We first discovered this work after it was submitted to the Portrait Awards 2015. Although it was not chosen as a finalist by the jury, the editors of LensCulture were impressed and decided to publish this feature article about it. Enjoy!


Around the world, rural life has almost been eclipsed by the promise of modern cities. By 2050, around 70% of people will live in urban environments. However, as these portraits attest, some shepherds and inhabitants of rural Italy hold tight to tradition. They represent the archetypal residents native to Veneto, Trento, and Friuli, symbolizing a way of life that has been passed down since ancient times, having spread across the Mediterranean, Central Asia, Africa, and the Arctic.

Pastoral Italians depicts the shepherds continuous search for grass to feed the herd, forcing them into a continuous loop of nomadism. Following a cyclical path from the mountain to the sea, and vice versa, the shepherds follow the path of four large rivers: the Piave, Livenza, Tagliamento, and Brenta.

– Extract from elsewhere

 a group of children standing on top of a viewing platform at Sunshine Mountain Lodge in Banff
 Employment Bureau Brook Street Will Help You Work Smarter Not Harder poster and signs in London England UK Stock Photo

Recent Muslim immigration to Italy has, oddly, bolstered this previously static industry. The cultural exchange between the Italians and Muslims is interesting, and often takes place through private sales. At the edge of legality (since unlicensed butchery is forbidden in Italy), these interactions speak to the ancient pre-eminence of individual trade over global politics.

However, it is the shepherd’s relationship with nature that most sparks my interest. The days pass seemingly timelessly, marked by the rhythm of births, the movements of the herd, the caring for the lambs. The rural landscape undergoes rapid and unpredictable transformations, and yet, the shepherds continue their movements, adapting to the land in whatever shape it takes.